Content starts
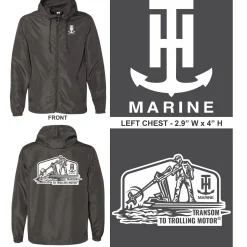 T-H Marine Hoodies-Graphite LIGHTWEIGHT WINDBREAKER JACKET
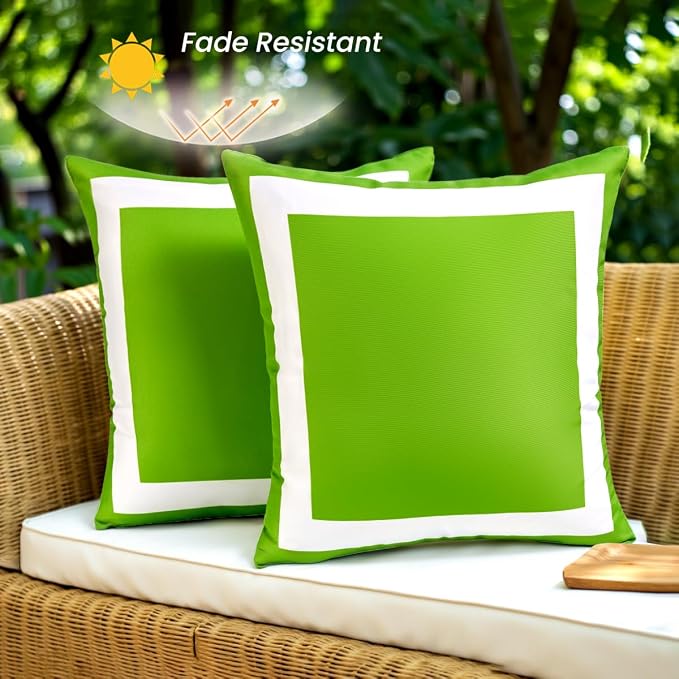 JOJOGOGO 18x18 Apple Green Outdoor Throw Pillow Covers Waterproof and Sunproof Set of 2, White and Green Outdoor Decorative Throw Pillows for Patio Furniture and Porch Decor(Without Inserts)
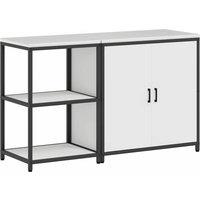 Berkfield Home with Shelf with Storage with Door Adjustable 2 pcs Rusty Weatheri in White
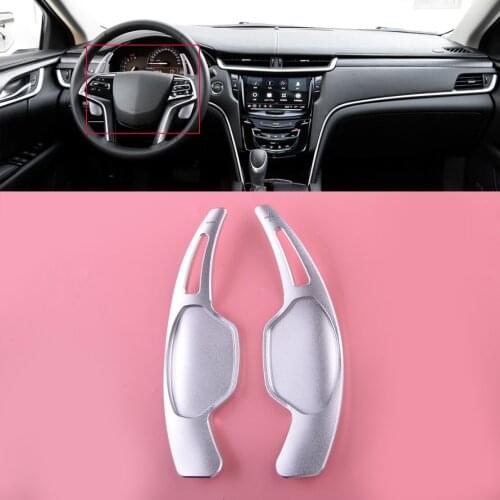 1 Pair Car Steering Wheel Shift Paddle Shifter Extension Silver Fit for Cadillac XTS 2013 2014 2015 2016 2017 2018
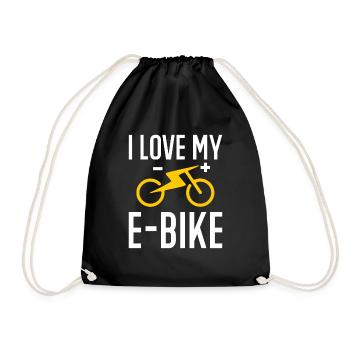 Electric Bike Cycling Biker E-Bike - Drawstring Bag - black - Front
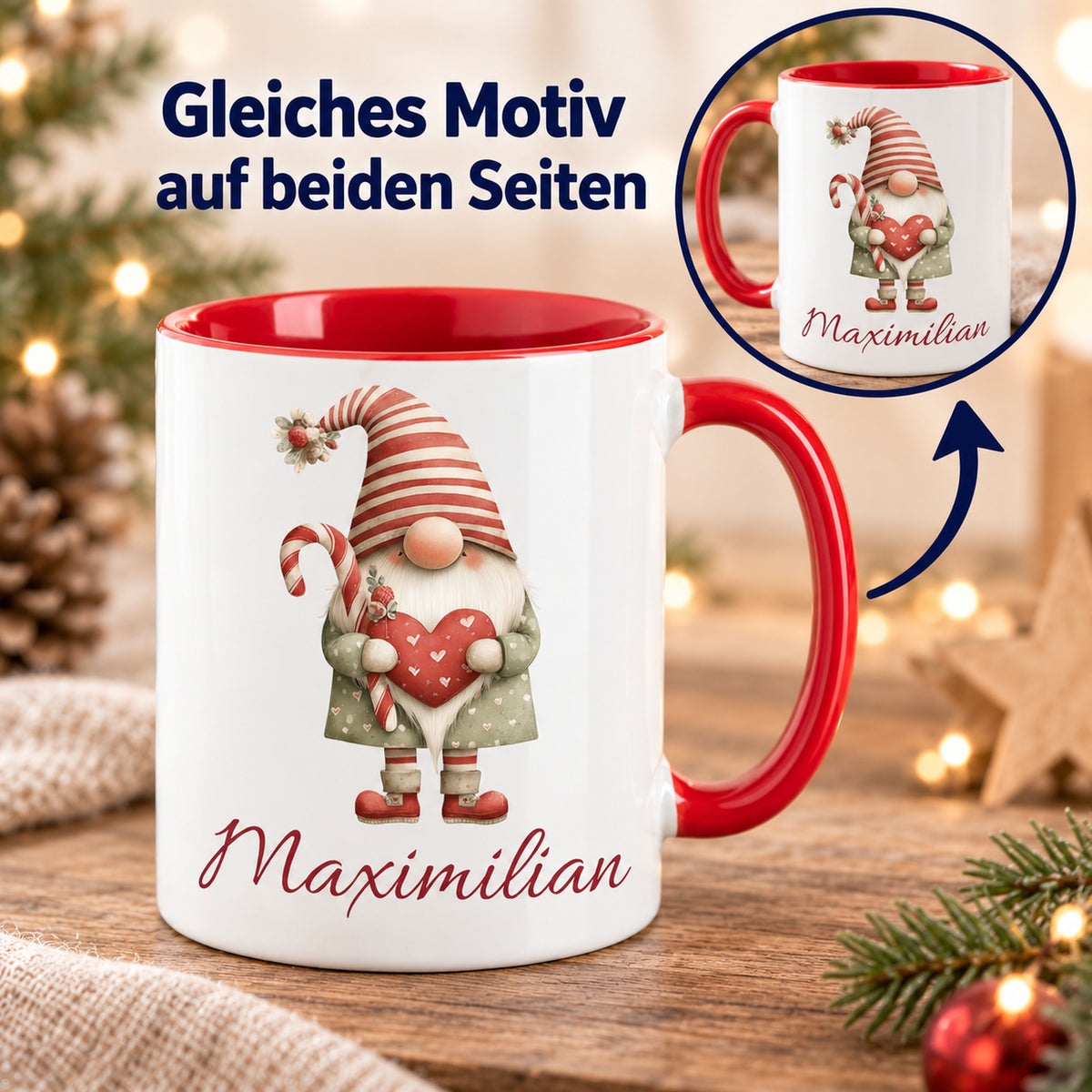 Personalisierte Weihnachtswichtel-Tasse Weihnachtsherz mit roter Innenseite und rotem Henkel – beidseitiger Druck mit Detailansicht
Content ends
Pictures excluded, repeat the material above from its first line through the line containing "JOJOGOGO 18x18 Apple", both included.

_Completed task_.
 T-H Marine Hoodies-Graphite LIGHTWEIGHT WINDBREAKER JACKET
 JOJOGOGO 18x18 Apple Green Outdoor Throw Pillow Covers Waterproof and Sunproof Set of 2, White and Green Outdoor Decorative Throw Pillows for Patio Furniture and Porch Decor(Without Inserts)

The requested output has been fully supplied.